Certainly, the dynamic between the two men has changed. Plant established a career apart from Zeppelin and Page did not. Page has long wanted to re-form the band and Plant has often resisted him, shifting the power base between them. As much as Page has burnished Zeppelin’s myth, Plant has been sardonic about it. Seen from this perspective, it is easy to believe that Page leaped at the chance to have Zeppelin do Live Aid and just as surprising that Plant submitted to it. The basic truth is that while Page has never escaped from being under Zeppelin’s looming shadow, for the most part Plant has thrived outside of it. This, coupled with the fact that Plant is now the more dominant partner in their relationship, have been like thorns in Page’s side.

Yet the fact is, no matter how ordered things have looked on the surface, tangled undercurrents govern Plant’s feelings toward Zeppelin. He never forgot the control Page exerted over him at the beginning of the band. Although he avoided Zeppelin’s songs when he first struck out on his own, not wanting to be seen to be using them as a crutch, it was never the band’s music that he ran from. Rather, he was repelled by the world that had grown up around them and the terrible tragedies he saw as resulting from it. He left Zeppelin bearing an unspeakable sense of loss, and also a dreadful and unresolved guilt. There is no wondering that he wanted to get as far from the source of all this as fast as he could; and the further away he reached, the harder it became for him to return.

This is not to say that Zeppelin’s accomplishments did not fill him with as much pride as they did Page; that he did not hold them up as high or would not fall back on them just as hard when he had to. Working on his own records, he continued to use Zeppelin as a reference point for his current collaborators and also to set a benchmark to measure them against—as often as not an impossible one. The suggestion that he has never wanted or needed to go back to the band is also wrong. He did not consent to Live Aid from a position of strength, but against the backdrop of a failing album and an ailing tour.

“I once went to his house to shoot him and I was shocked,” says the photographer Ross Halfin. “He’d converted a barn on the property into a kind of museum to Zeppelin. He had all these gold discs hung up and steamer trunks filled with copies of magazines that he was in. In the toilet, he’d framed the telegram from Peter Grant asking him to join the band. He was the last person I’d expected to see that from.

“I asked Jimmy why Robert was so dismissive of Zeppelin. He said, ‘I taught him how to sing, how to act and how to move—I told him how to do everything, and he resents that.’ ”

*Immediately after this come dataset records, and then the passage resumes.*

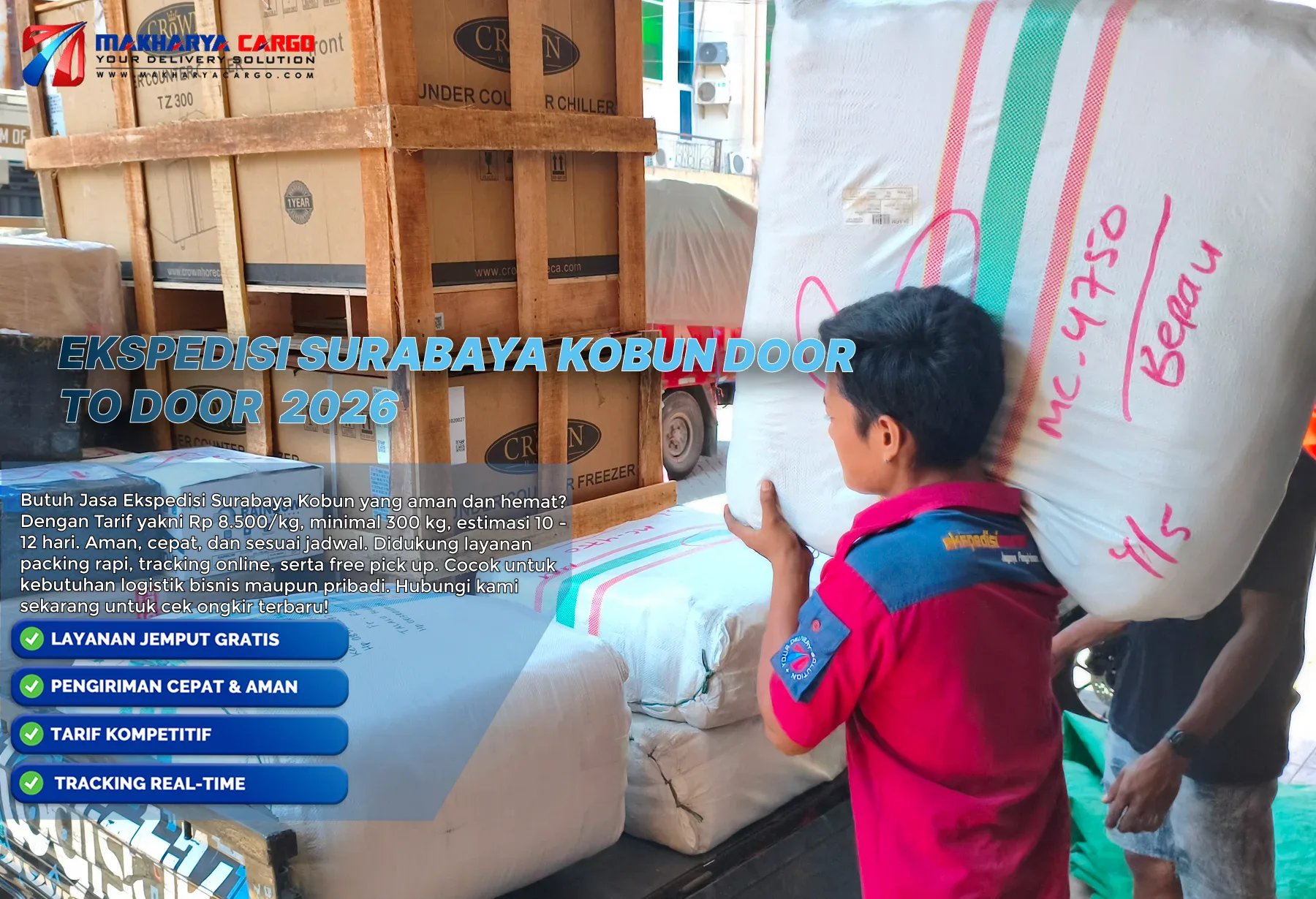 Ekspedisi Surabaya Kobun door to door dari pickup hingga alamat tujuan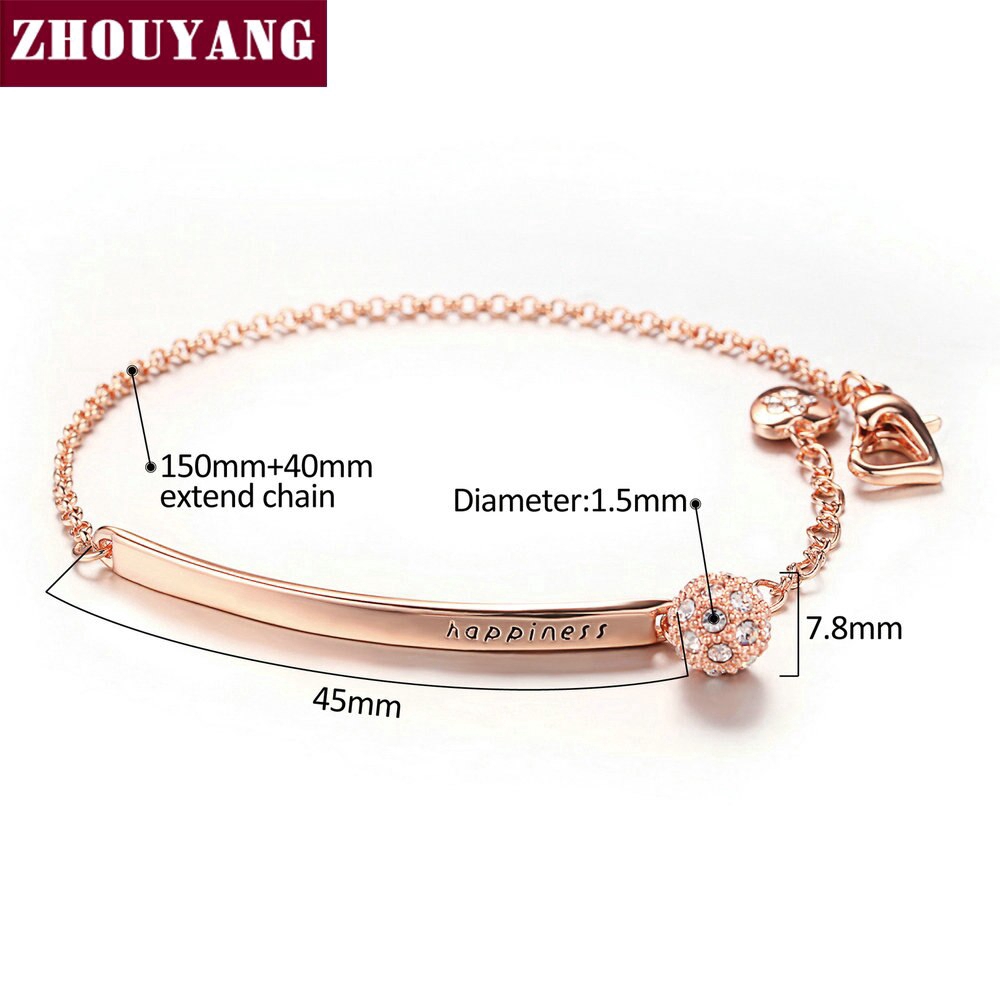 ZHOUYANG سوار بوردة ذهبية والزركون — صورة 3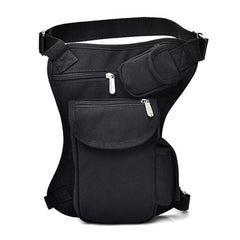 Men Canvas Drop Waist Bag Leg Pack for Bicycle and Motorcycle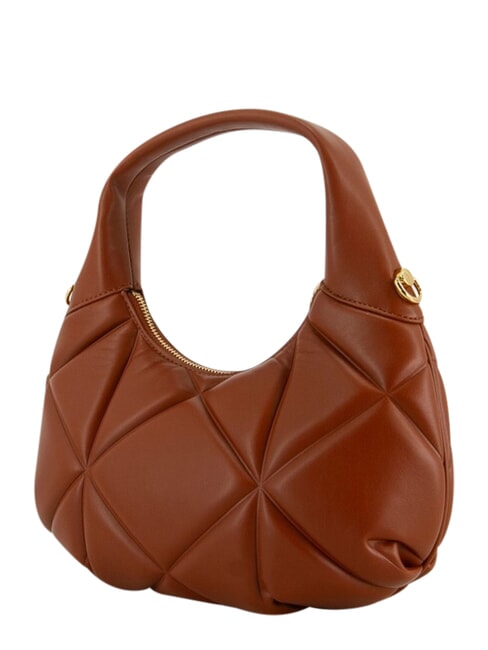 EMBOSSED Handtasche mit Schulterriemen Kastanie - Damentaschen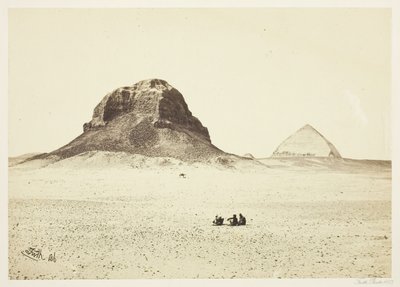 दहशूर के पिरामिड, 1857। द्वारा फ्रांसिस फ्रिथ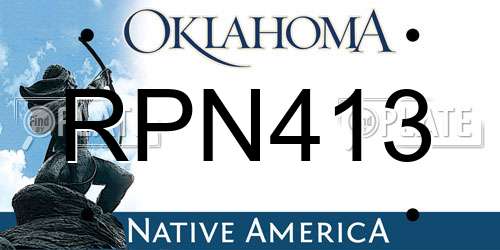 RPN413 Oklahoma License Plate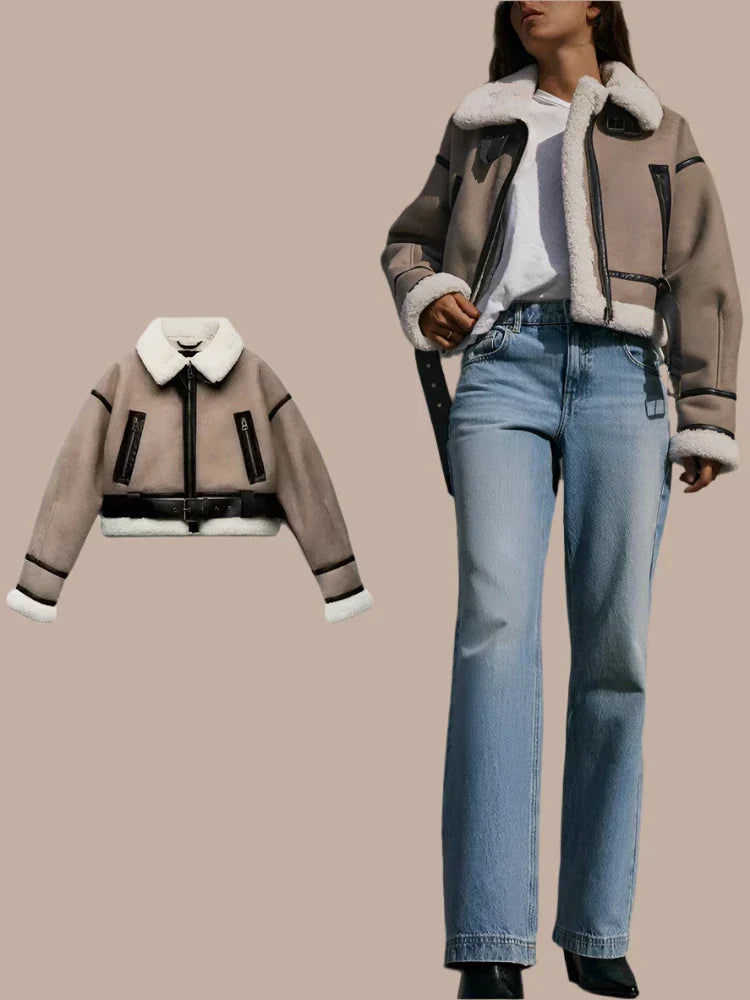 Merel™ – Elegant Leather Jacket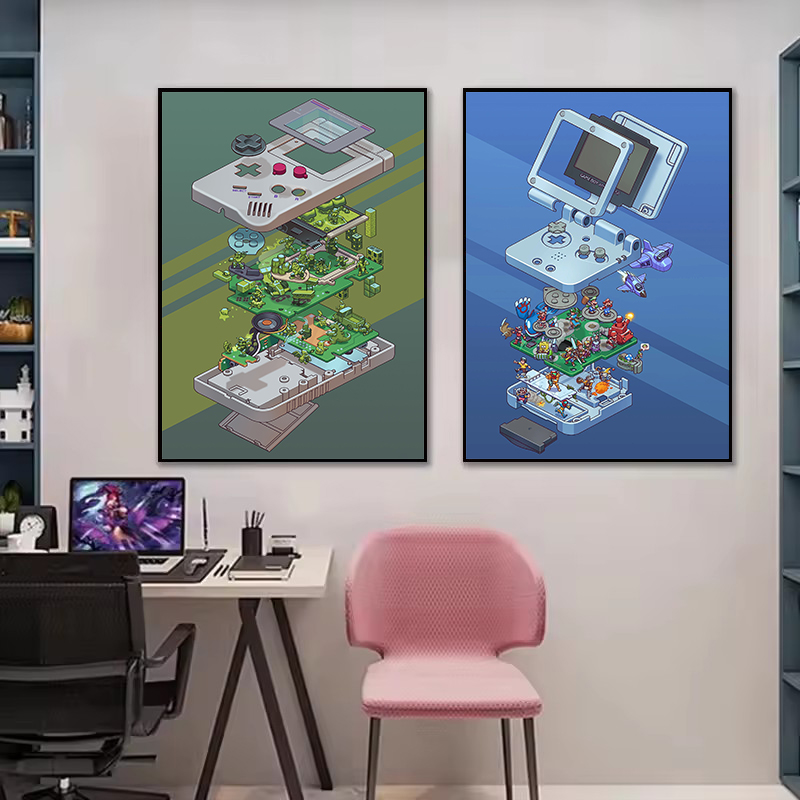 추상적인 게임 컨트롤러 도면, 콘솔 게임패드, 게임,  - Gaming Console Picture 리뷰 및 가격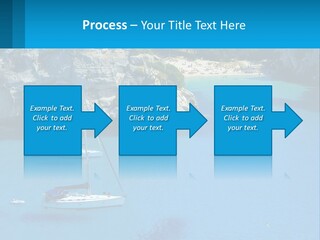 Macaralleta Landscape Blue PowerPoint Template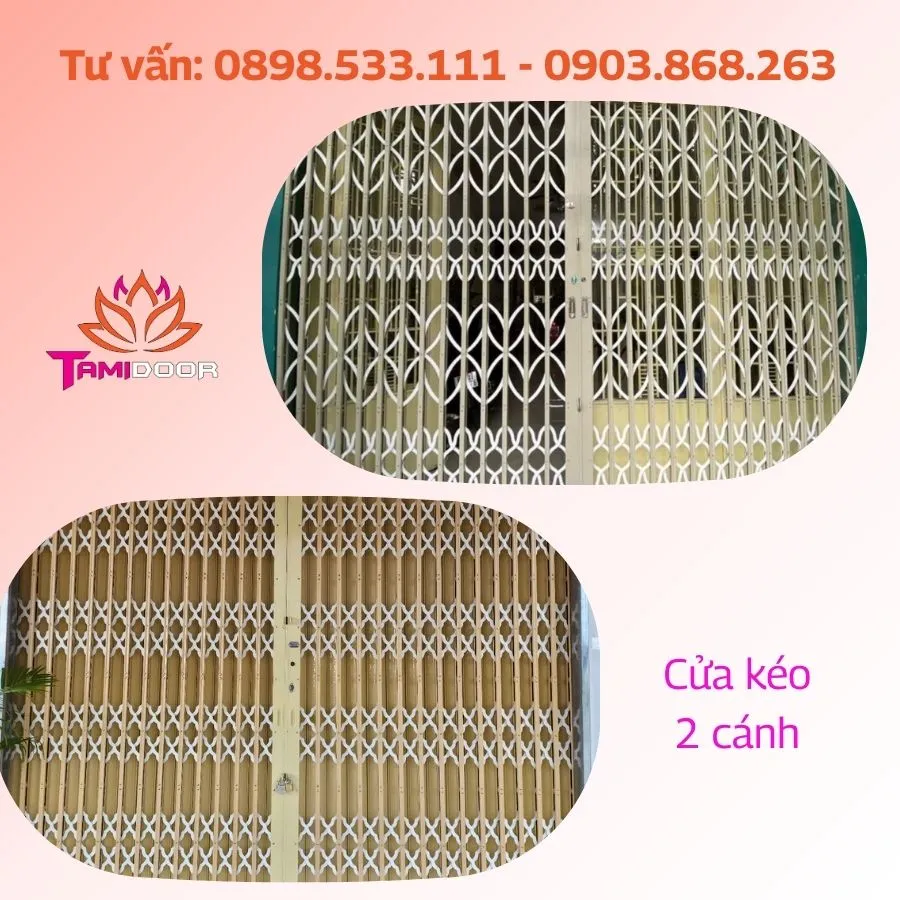 Cửa Kéo 2 Cánh Sản Phẩm Phổ Biến Được Nhiều Gia Đình Tin Dùng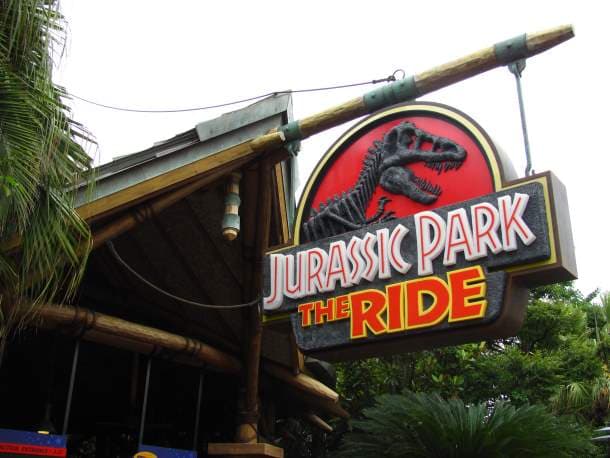 Jurassic Park The Ride at Universal Studios, Japan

Unlike Live Aid, this latest reunion took place away from the glare of publicity and in secret. In January 1986 Plant, Page and Jones met up in a village just outside Bath in England’s West Country. Tony Thompson, who had drummed with them in Philadelphia, was flown in from the States. Their crew took over the village hall, filling it with equipment and using a couple of old parachutes to soundproof it.

To begin with, the signs were promising. They began messing around with ideas for new songs, Plant later suggesting that the results sounded like a cross between two of America’s great alternative rock bands of the period, Talking Heads and Hüsker Dü. It was not long, though, before the same old problems came up.

“As much as we wanted to do it, it wasn’t the right time for Pagey,” Plant told David Fricke of
Rolling Stone
in 1988. “He had just finished the second Firm album and I think he was a bit confused about what he was doing. There was a little club that we’d go to in the town. Jonesy and I often chose to walk back from it to the place we were staying in, at two in the morning. Pagey wouldn’t come out, which is hardly the way to get everything back together again.

“The interesting thing is that after being without him and fending for myself, I’m a lot more forthright. When I reach a conclusion, I immediately react to it. Way back in the old days, this might have taken a week of mutual discussion.”

Things came to a head after just a week. The catalyst for this was Thompson being involved in a car crash, which put him out of action.